2. Taxpayer is 70 years or older and is self-insured.
A withdrawal from an account set up by a self-insured taxpayer is not subject to the
2.5% additional tax once the self-insured taxpayer is 70 years old. However, the
amount withdrawn is included as ordinary income for South Carolina income tax
purposes.

       Example 7. Tim, who self-insures his legal residence, deposited $100,000
       into his Catastrophe Savings Account. When Tim was 72 years old, he
       withdrew $100,000 from his account to pay his grandson’s college tuition.
       The withdrawal is not subject to the 2.5% additional tax because he withdrew
       the money after he turned 70 years old. The $100,000 withdrawal is subject
       to state income taxation.

3. Account holder no longer owns a legal residence.
A non-eligible withdrawal of funds made when the taxpayer no longer owns a legal
residence is not subject to the 2.5% additional tax. However, the amount withdrawn
is included in South Carolina taxable income.

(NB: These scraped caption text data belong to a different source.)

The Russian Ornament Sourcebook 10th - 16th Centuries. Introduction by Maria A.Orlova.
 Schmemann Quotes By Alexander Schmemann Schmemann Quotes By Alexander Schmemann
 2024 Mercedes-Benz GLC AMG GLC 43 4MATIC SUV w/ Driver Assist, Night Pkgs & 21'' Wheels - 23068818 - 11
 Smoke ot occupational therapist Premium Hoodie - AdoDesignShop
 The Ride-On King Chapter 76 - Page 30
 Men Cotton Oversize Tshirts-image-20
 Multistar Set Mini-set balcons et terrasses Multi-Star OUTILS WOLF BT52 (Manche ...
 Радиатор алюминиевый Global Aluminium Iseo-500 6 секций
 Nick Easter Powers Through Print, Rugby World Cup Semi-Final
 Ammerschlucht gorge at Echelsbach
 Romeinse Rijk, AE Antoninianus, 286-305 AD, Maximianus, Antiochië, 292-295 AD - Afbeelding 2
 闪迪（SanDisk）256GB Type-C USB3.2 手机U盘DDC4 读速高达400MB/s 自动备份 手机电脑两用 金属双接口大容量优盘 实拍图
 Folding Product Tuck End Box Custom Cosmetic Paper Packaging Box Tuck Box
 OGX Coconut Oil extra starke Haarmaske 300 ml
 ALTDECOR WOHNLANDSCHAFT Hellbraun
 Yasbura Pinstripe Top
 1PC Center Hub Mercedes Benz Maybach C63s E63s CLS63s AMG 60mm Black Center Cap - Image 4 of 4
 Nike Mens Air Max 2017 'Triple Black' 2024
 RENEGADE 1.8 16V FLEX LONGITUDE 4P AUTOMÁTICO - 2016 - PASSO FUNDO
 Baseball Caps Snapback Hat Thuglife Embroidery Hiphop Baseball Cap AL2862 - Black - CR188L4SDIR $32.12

       Example 8. On January 1, 2007, Donna deposited $6,000 into a Catastrophe
       Savings Account. On January 1, 2009, Donna sold her home and moved in
       with her sister. In February 2009, she withdrew $6,000 from her Catastrophe
       Savings Account for a family emergency. The withdrawal is not subject to the
       2.5% additional tax because she withdrew the amount when she no longer
       owned a home. The $6,000 withdrawal is subject to South Carolina income
       taxation.

4. Death of the account holder.
A withdrawal upon the death of an account holder is not subject to the 2.5%
additional tax. The account, however, is included in the South Carolina taxable
income of the person who receives the account, unless that person is the surviving
spouse of the taxpayer.
Summary
Catastrophe Savings Accounts can be established at a state or federally chartered
bank. The money can only be held in an interest bearing account.

The money that is placed in a Catastrophe Savings Account and the annual interest
earnings are not subject to state income taxation if left in the account or used for
qualified catastrophe expenses. However, the amounts cannot be used to reduce
federal income.

Withdrawals for any purchase other than a qualified catastrophe expense are treated
as ordinary income and taxed accordingly at the state level. Withdrawals are also
subject to a 2.5% additional tax unless the withdrawal falls under one of the
exceptions mentioned earlier.

Remember, this information only attempts to address the kinds of questions people
most frequently ask about Catastrophe Savings Accounts. As with any tax matter,
and for specific questions regarding Catastrophe Savings Accounts, including which
type, if any, is suitable for your situation and how opening an account would affect
your particular tax liability, you should consult a tax professional.